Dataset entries
┏━━

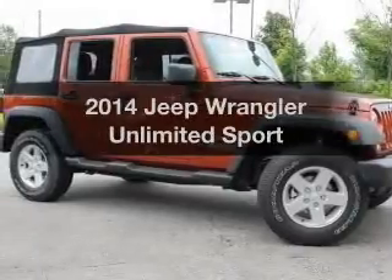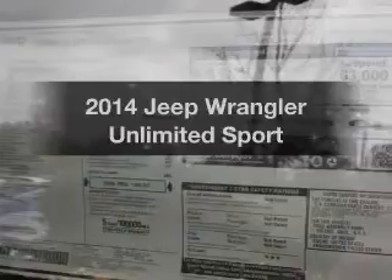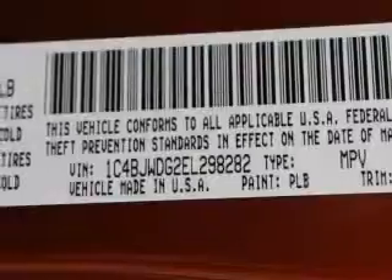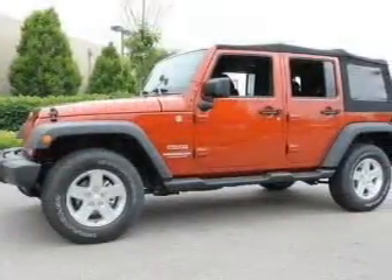Imagine yourself in this 2014 Jeep Wrangler Unlimited. This is the set of wheels you've been looking for, with a solid 6-cylinder engine. The powertrain includes 4-wheel drive that responds smoothly to its 5-speed automatic transmission. Premium wheels lend a distinctive appearance.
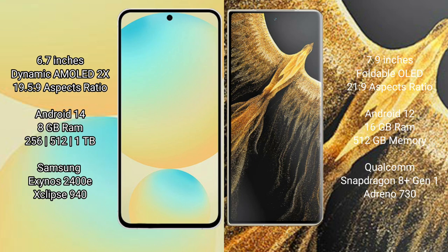Samsung Galaxy S24 FE runs on the Android 14 operating system. Honor Magic Vs Ultimate runs on the Android 12 operating system. Samsung Galaxy S24 FE has 8GB RAM and 256GB to 512GB internal storage.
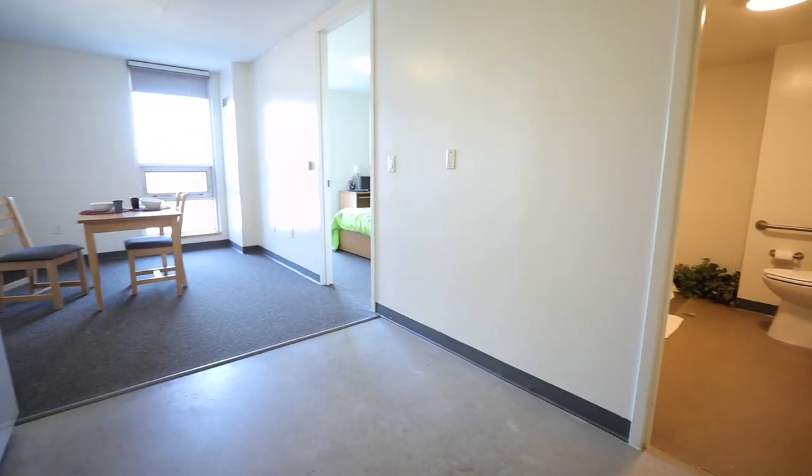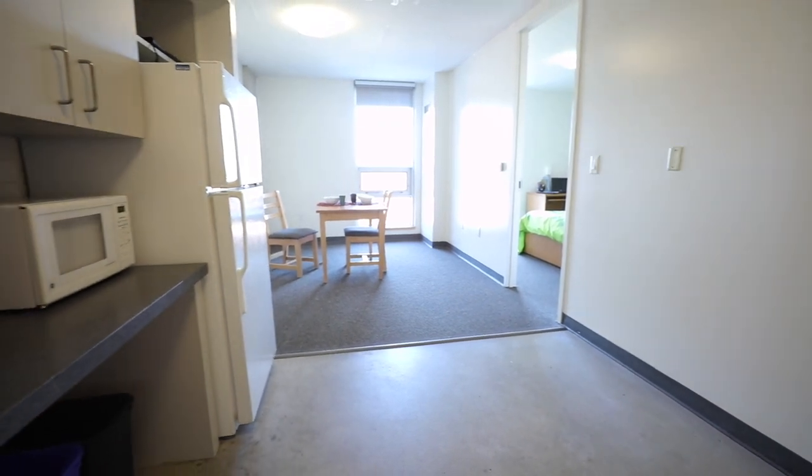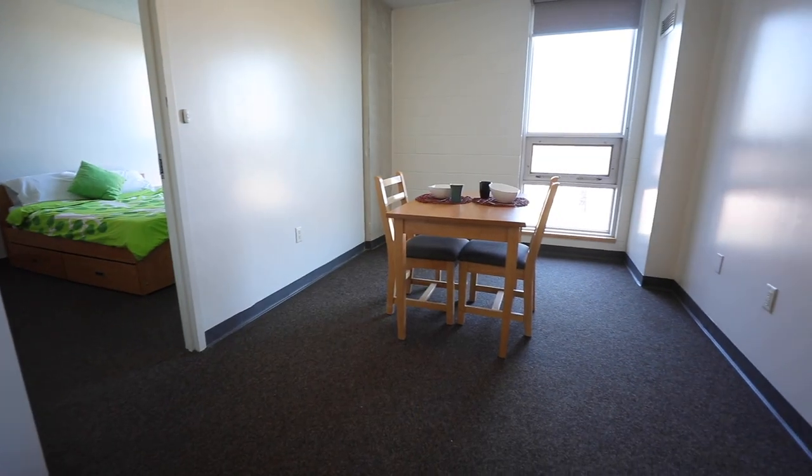This is one of our accessible suites. At the Lakeshore Campus, all accessible suites have two private bedrooms and a shared kitchenette and bathroom.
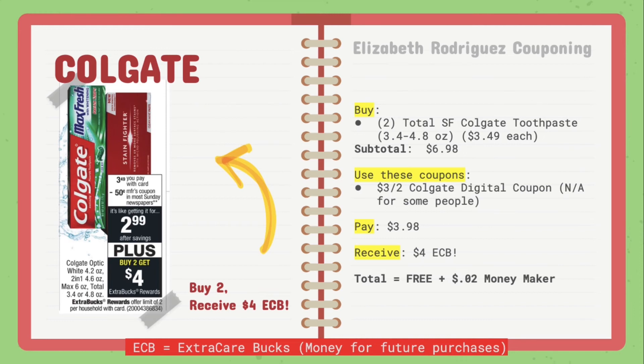For Colgate, the toothpaste is on sale for $3.49 each, and once you buy two, you receive $4 in extra care bucks. Buy two of the Colgate Total SF toothpaste, the 3.4 to 4.8 ounce ones. Your subtotal should be $6.98. If you have the $3 off of two Colgate digital coupon, clip that — though I noticed the coupon disappeared for a lot of people, so make sure you check. You'll end up paying $3.98 and receiving $4 in extra care bucks back, making it free plus a $0.02 moneymaker. Clip that coupon beforehand and verify it's there right before you pay.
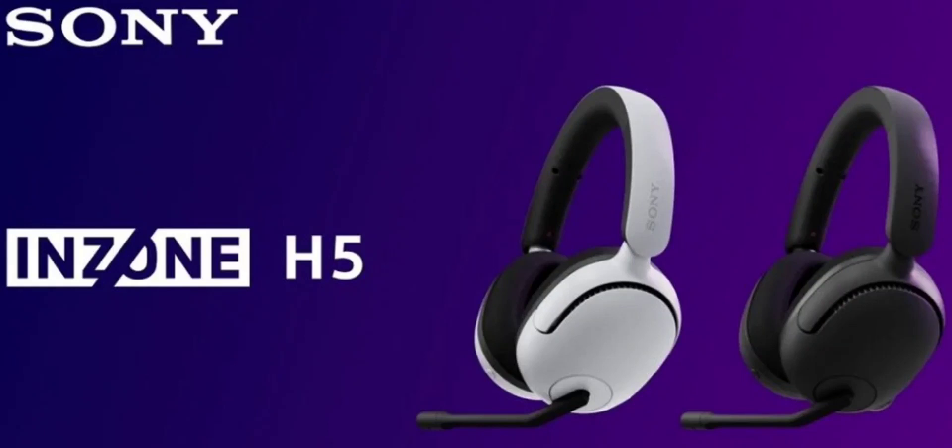Sony India has launched the Inzone H5 Gaming Headset in India. Developed in collaboration with the FNATIC eSports team, the gaming headset comes with high-octane audio features that ensure a pleasurable gaming experience.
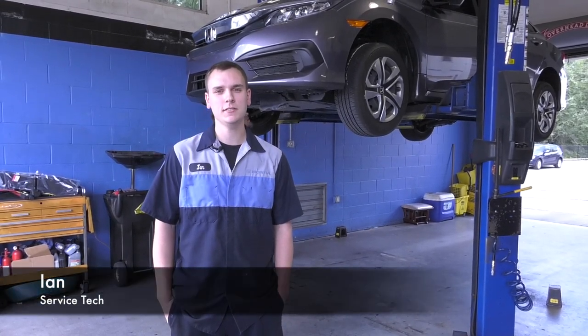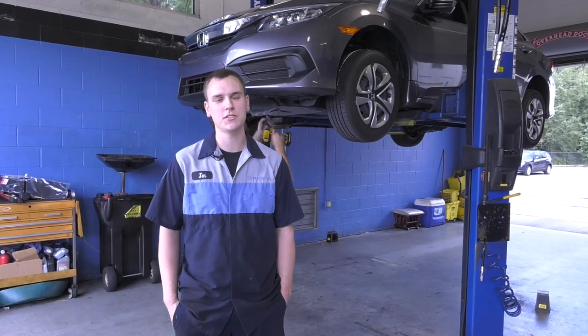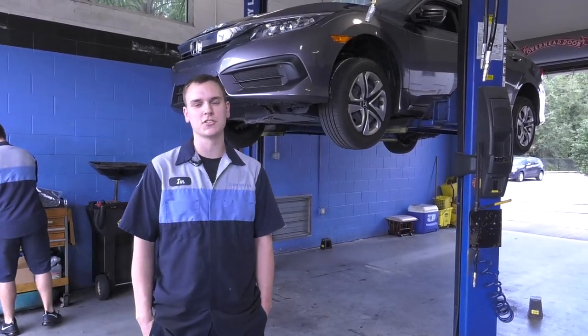Ian from Wesley Chapel Honda. Today we're going to go over what happens when you bring your car in for basic service. Today we're doing an oil change and tire rotation on your Civic.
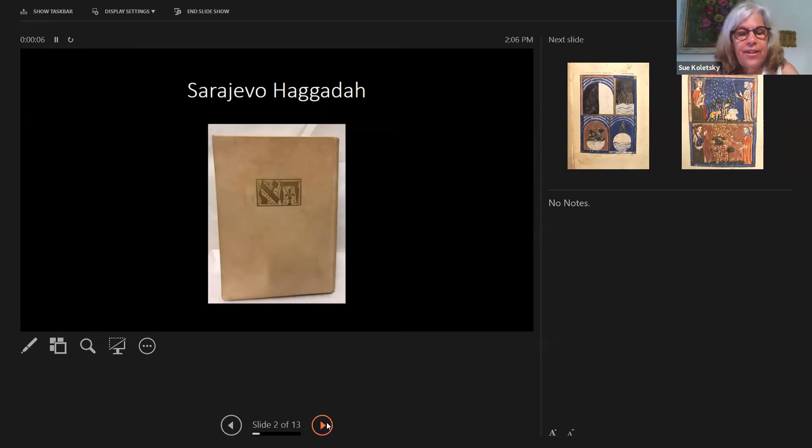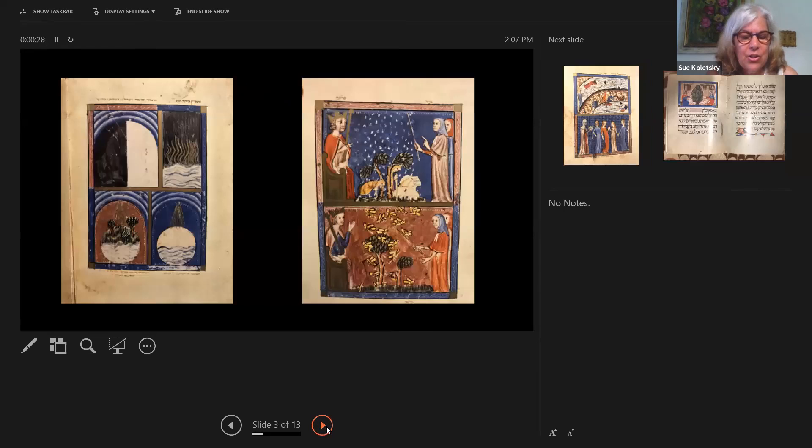The first Haggadah we're going to look at is called the Sarajevo Haggadah. This beautiful facsimile was donated by Bobby and James' family. This Haggadah has a fabulous history as well as beautiful illustrations. The book belonged to the Cohen family in Sephardic Sarajevo in 1894. The family needed to sell it, and it became the possession of the new Bosnian National Museum. Because of its beauty, it began to be studied in Vienna, and it was exciting to see this because the belief was that there were no Hebrew illuminated manuscripts in medieval times.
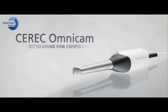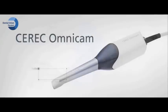CEREC Omnicam begins a new chapter in digital dentistry. Designed for access, streaming capture for confidence, powder-free convenience. The CEREC Omnicam.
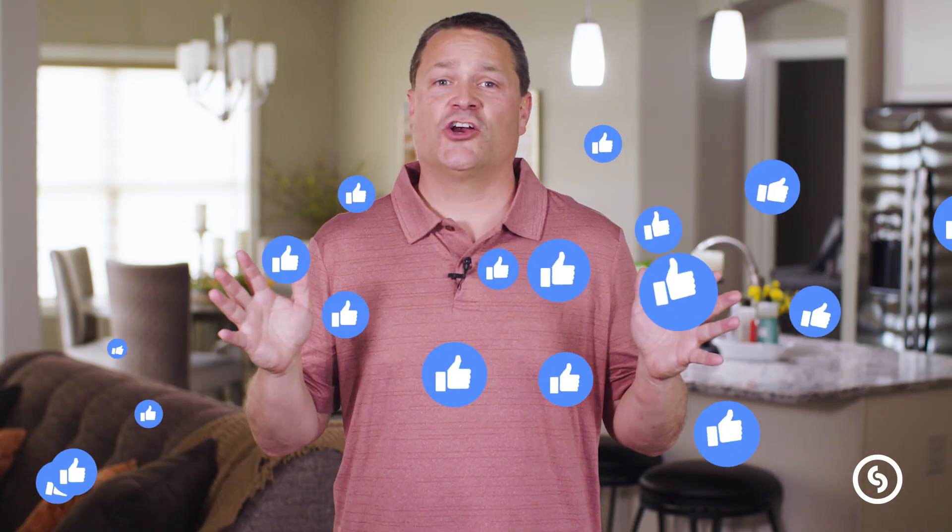Please click the like button. You're not going to hurt my feelings if you hit the subscribe button, and we will see you next time.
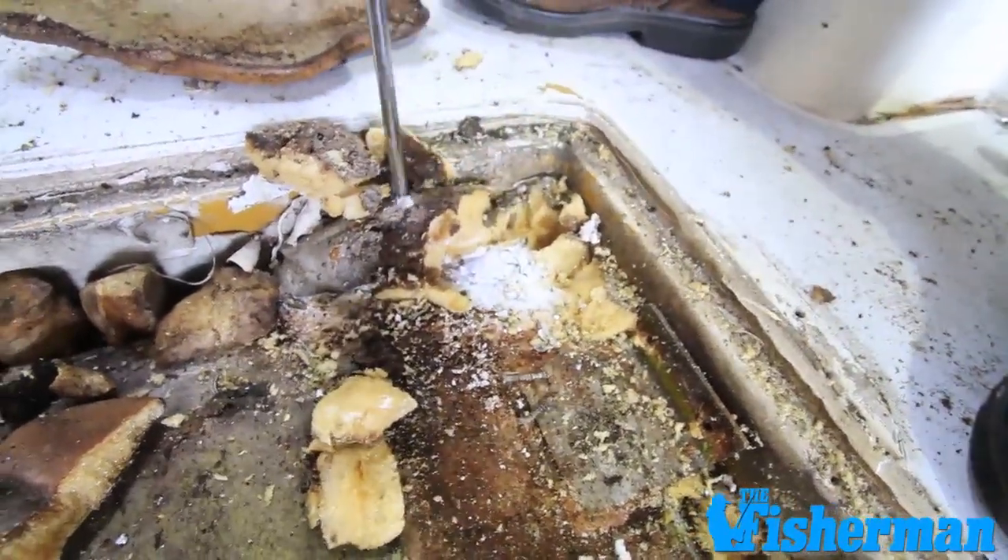Maybe this is something I need to be looking at. One of the clues could be finding pieces of foam in the bilge area. What will happen is the gas will break the foam down and pieces of it will be saturated and separate from the other parts of the foam and you'll find it in the back. This is definitely a clue.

┗━━

=== EXERCISE OBJECTIVE ===
What should come back is an exact copy of the lines above from the line with "CEREC Omnicam begins" to the line with "Please click the", both included, minus the pictures.

=== WRITTEN ANSWER ===
CEREC Omnicam begins a new chapter in digital dentistry. Designed for access, streaming capture for confidence, powder-free convenience. The CEREC Omnicam.
Please click the like button. You're not going to hurt my feelings if you hit the subscribe button, and we will see you next time.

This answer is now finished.